▸ **Data for the task**:
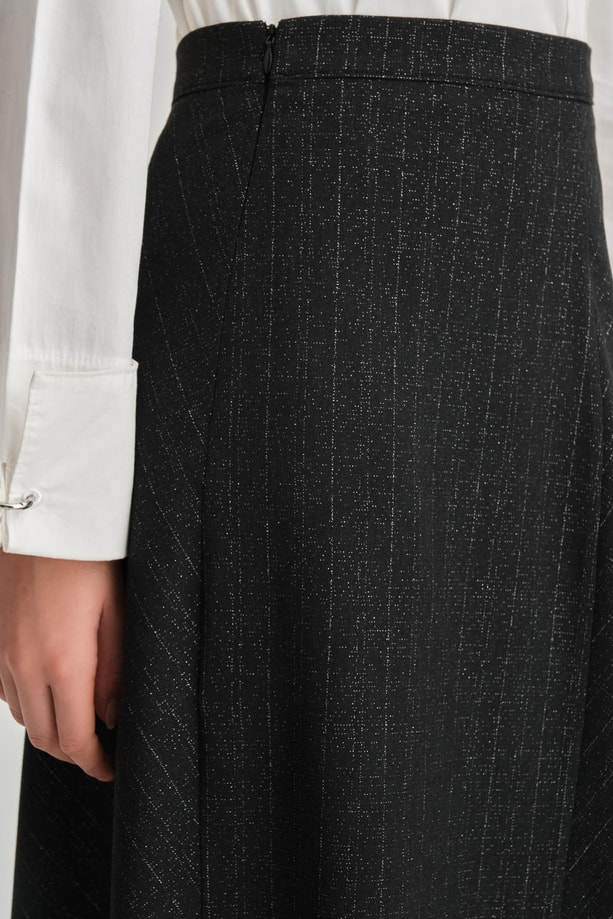 Armine Simli Dokulu Etek 24K1721 Siyah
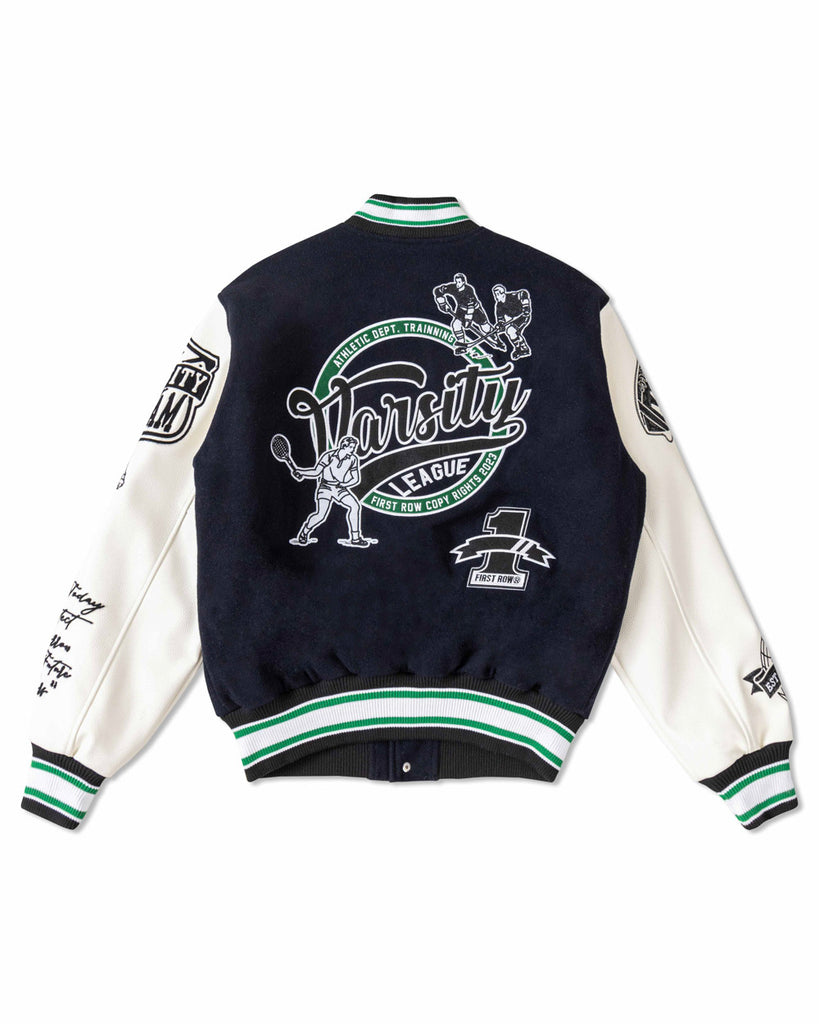 ALL FIELD THE BEST NEVER REST  VARSITY JACKET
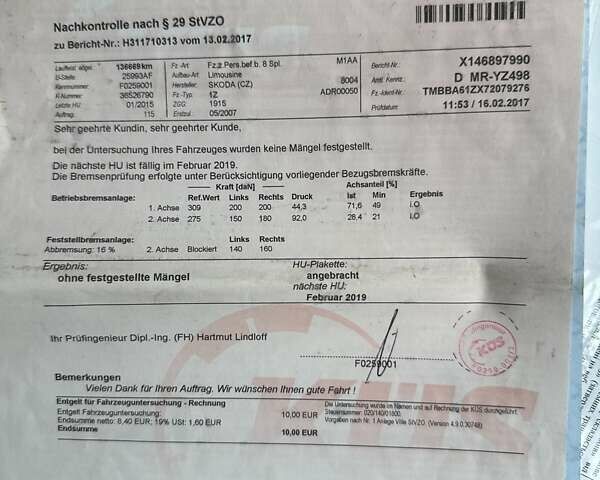 Синій Шкода Октавія, об'ємом двигуна 1.6 л та пробігом 211 тис. км за 6600 $, фото 57 на Automoto.ua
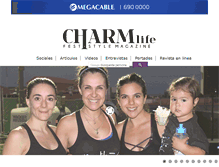Tablet Screenshot of charmlife.com.mx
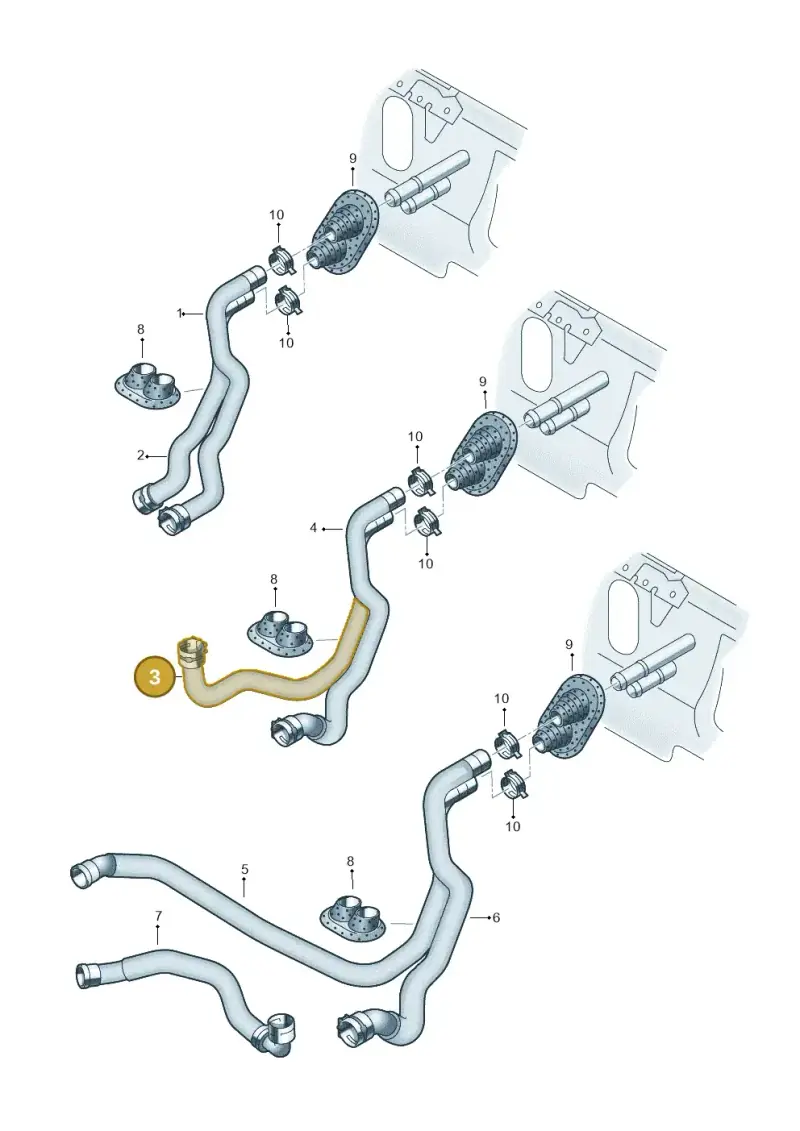 8E1819371T — SEAT Exeo ST Reference (2008-2011) diagram 249819500, position 3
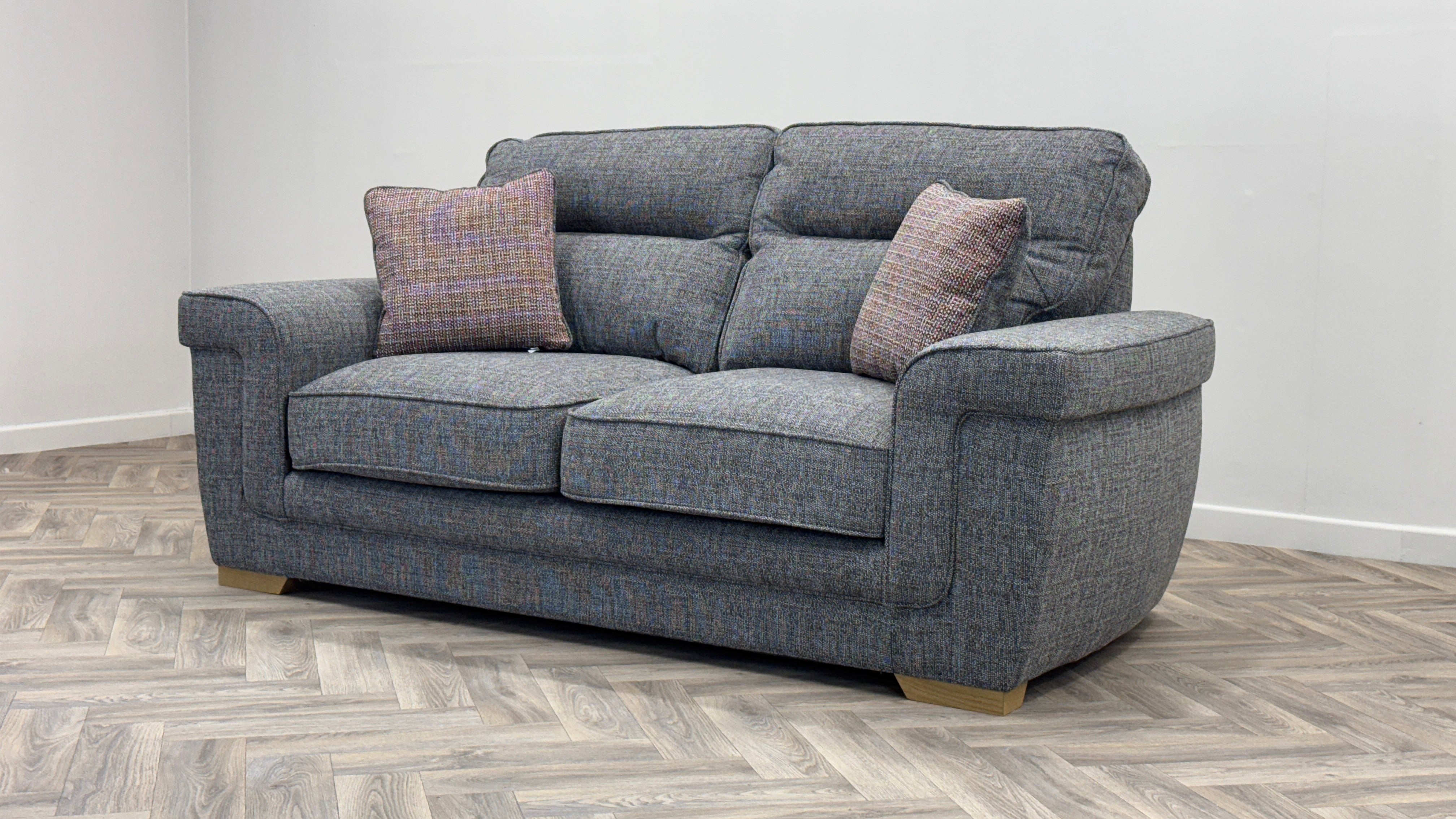 Kirby 3 Seater Sofa Charcoal Fabric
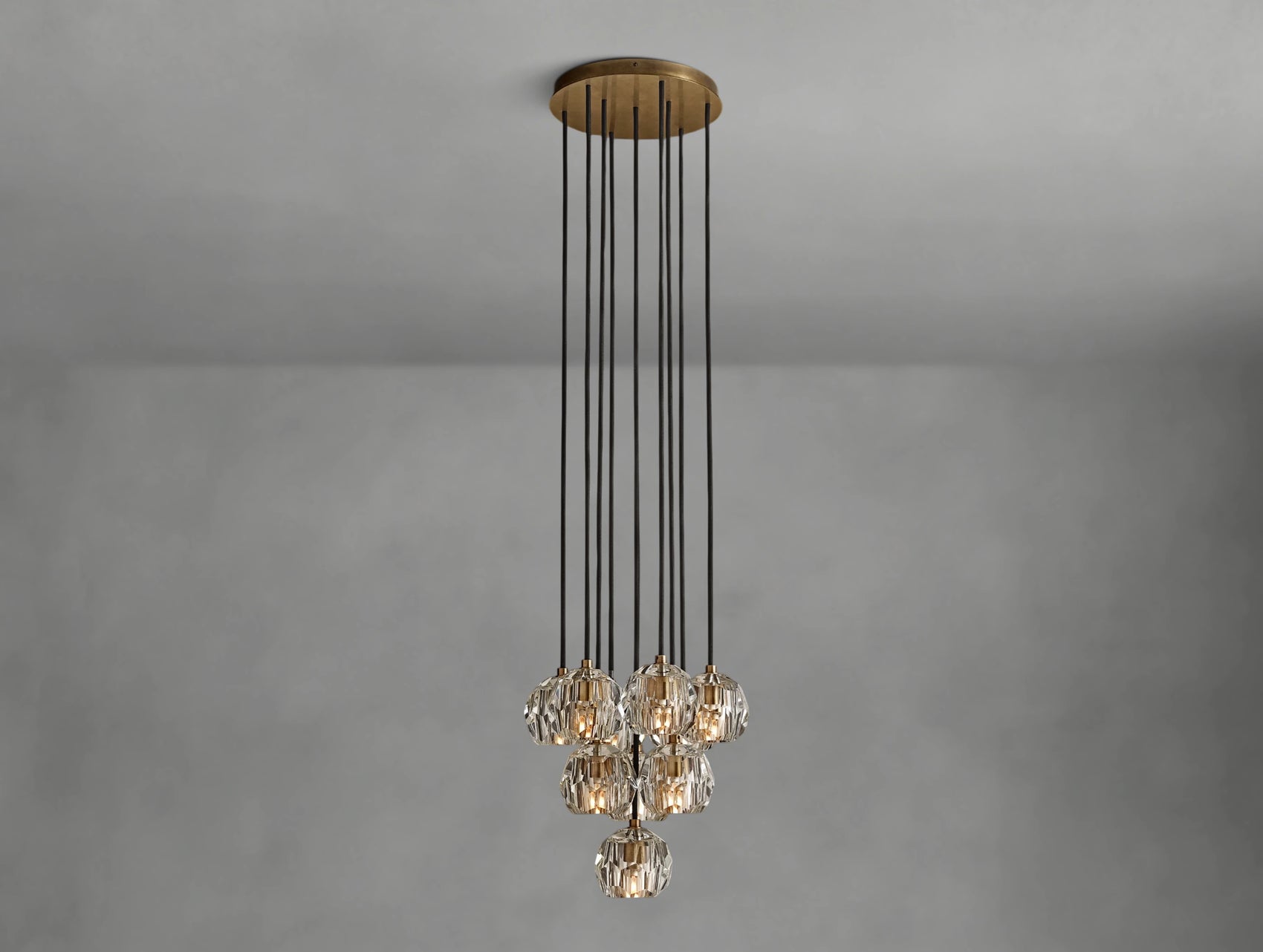 Orvane Crystal Drop Cluster Pendant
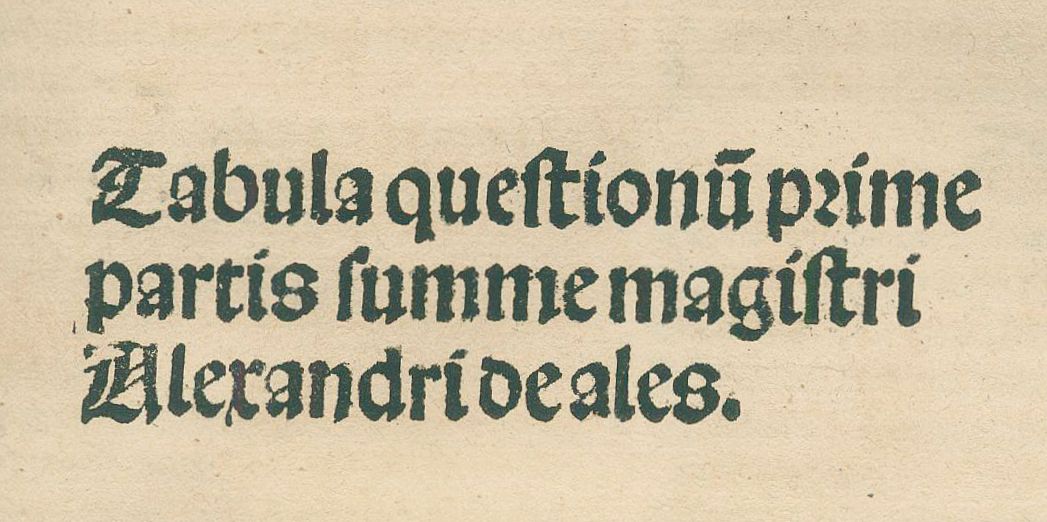Große Abbildung Nr.2: 128-405 Hales,A.de.: (Alte Drucke, Handschriften und Theologie)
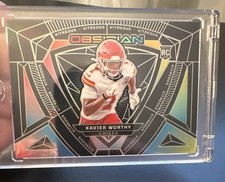 2024 Panini Obsidian - Xavier Worthy Vitreous Rookie Kansas City Chiefs #7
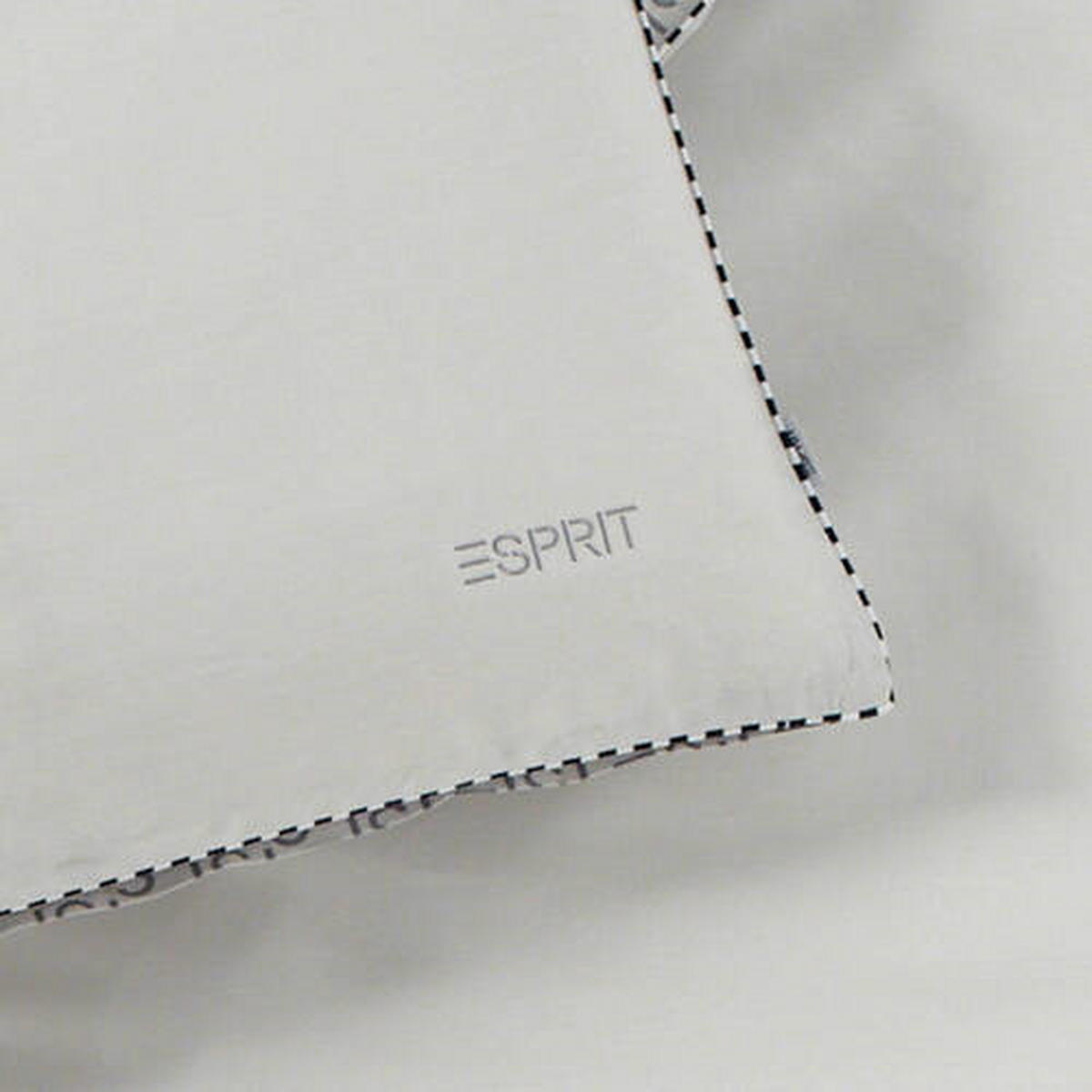 WENDEBETTWÄSCHE E-Luca Renforcé 140/200 cm  - Hellgrau/Grau, KONVENTIONELL, Textil (140/200cm) - Esprit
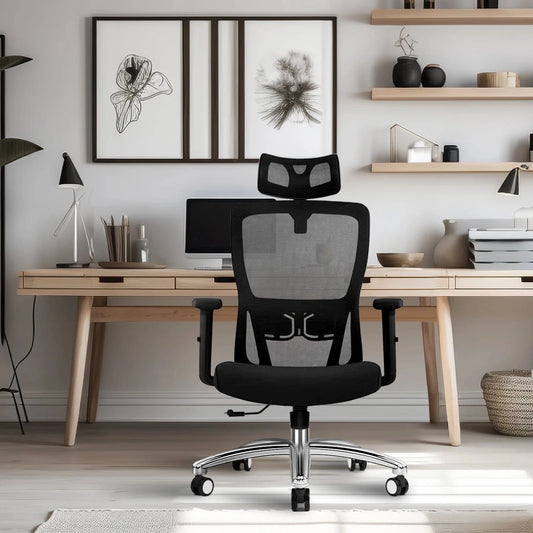 Chaise de bureau ergonomique en maille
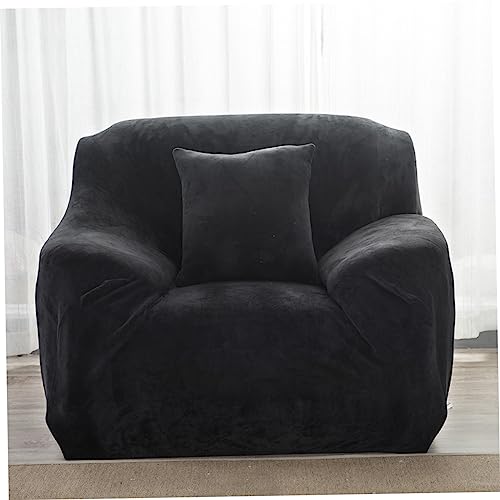 Housse de canapé d'angle élastique noire Mobestech extensible - 7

▸ **Your assignment**:
Using the records above, retype everything exactly except the pictures.

▸ **Result for this task**:
 Armine Simli Dokulu Etek 24K1721 Siyah
 ALL FIELD THE BEST NEVER REST  VARSITY JACKET
 Синій Шкода Октавія, об'ємом двигуна 1.6 л та пробігом 211 тис. км за 6600 $, фото 57 на Automoto.ua
Tablet Screenshot of charmlife.com.mx
 8E1819371T — SEAT Exeo ST Reference (2008-2011) diagram 249819500, position 3
 Kirby 3 Seater Sofa Charcoal Fabric
 Orvane Crystal Drop Cluster Pendant
Große Abbildung Nr.2: 128-405 Hales,A.de.: (Alte Drucke, Handschriften und Theologie)
 2024 Panini Obsidian - Xavier Worthy Vitreous Rookie Kansas City Chiefs #7
 WENDEBETTWÄSCHE E-Luca Renforcé 140/200 cm  - Hellgrau/Grau, KONVENTIONELL, Textil (140/200cm) - Esprit
 Chaise de bureau ergonomique en maille
 Housse de canapé d'angle élastique noire Mobestech extensible - 7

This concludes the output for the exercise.